Munger risk inversion

The thesis fails if debt repayment consumes free cash flow without the balance sheet improving fast enough, same-store sales soften under consumer pressure, franchisee unit economics deteriorate, or the company faces a refinancing event at higher interest rates.

Management

CEO Daniel Rivera built Driven Brands through aggressive M&A, growing from a smaller platform to a 5,200+ location network. The strategic question is whether the same management team can pivot from acquisition integration to organic execution and deleveraging.

Industry trend

Driven Brands operates in the vehicle maintenance industry, which benefits from an aging U.S. vehicle fleet, increasing miles driven, and the non-discretionary nature of oil changes, collision repair, and glass replacement. The trend is stable but competitive, with local shops and other franchise chains competing for market share.

Valuation and margin of safety

At $15.55, verified math shows about 18.1x TTM GAAP EPS, 12.6x forward earnings, and 12.1x EV/EBITDA. Margin of safety is limited because the high debt load means small changes in operating performance or interest rates can produce outsized moves in equity value.

Source-backed data

DRVN Data Table

Every metric below includes a source and last verification date.

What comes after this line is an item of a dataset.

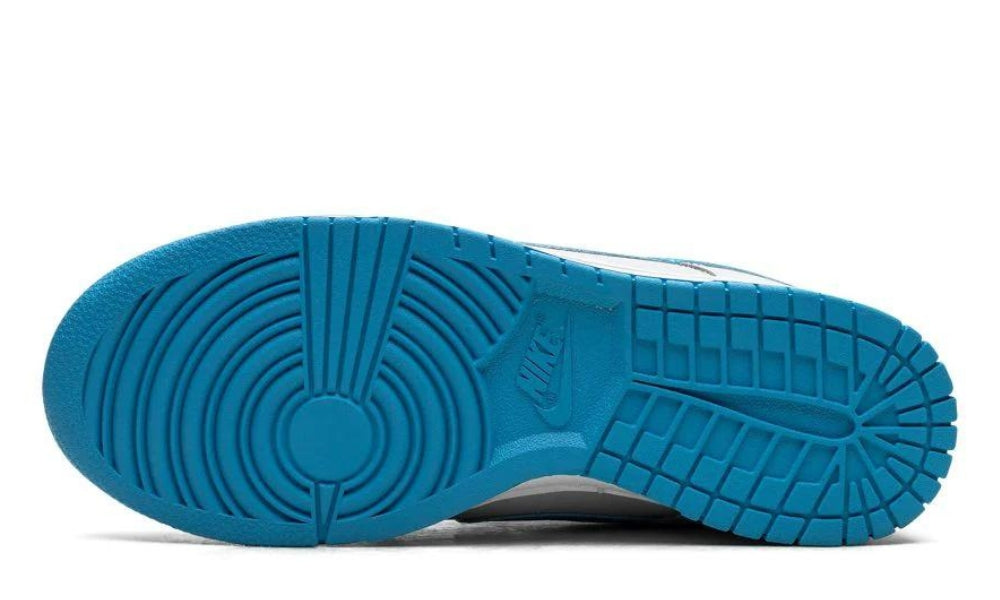 Nike Dunk Low "Pure Platinum/Blue Lightning"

MetricValueSourceLast verified
DRVN price$15.55Yahoo Finance quoteJuly 13, 2026
Market cap$2.56 billionYahoo Finance statisticsJuly 13, 2026
Shares outstanding164.96 millionYahoo Finance statisticsJuly 13, 2026
Enterprise value$4.63 billionYahoo Finance statisticsJuly 13, 2026
Revenue (TTM)$1.9 billionYahoo Finance income statementJuly 13, 2026
Net income to common (TTM)$141.43 millionYahoo Finance income statementJuly 13, 2026
Q1 2026 revenue$484.44 millionYahoo Finance quarterly resultsJuly 13, 2026
Q1 2026 net income$54.83 millionYahoo Finance quarterly resultsJuly 13, 2026
TTM GAAP EPS$0.86Yahoo Finance statisticsJuly 13, 2026
Forward P/E12.55Yahoo Finance statisticsJuly 13, 2026
TTM free cash flow$115.2 millionYahoo Finance cash flowJuly 13, 2026
Cash and equivalents$133.41 millionYahoo Finance balance sheetJuly 13, 2026
Total debt$2.20 billionYahoo Finance balance sheetJuly 13, 2026
Debt-to-equity ratio276.53%Yahoo Finance statisticsJuly 13, 2026
EV/EBITDA12.08Yahoo Finance statisticsJuly 13, 2026
Profit margin9.74%Yahoo Finance statisticsJuly 13, 2026
50-day moving average$13.59Barchart.com technical analysisJuly 13, 2026
200-day moving average$14.14Barchart.com technical analysisJuly 13, 2026
Next earnings dateJuly 30, 2026Yahoo Finance statisticsJuly 13, 2026

Frequently Asked Questions

This DRVN AI stock analysis is an informational research tool only and is not investment advice, a recommendation, or a promise of future returns. Forecast ranges are scenarios based on available public data as of July 13, 2026 and can be wrong if debt reduction, same-store sales, consumer spending, interest rates, franchisee health, or market multiples change.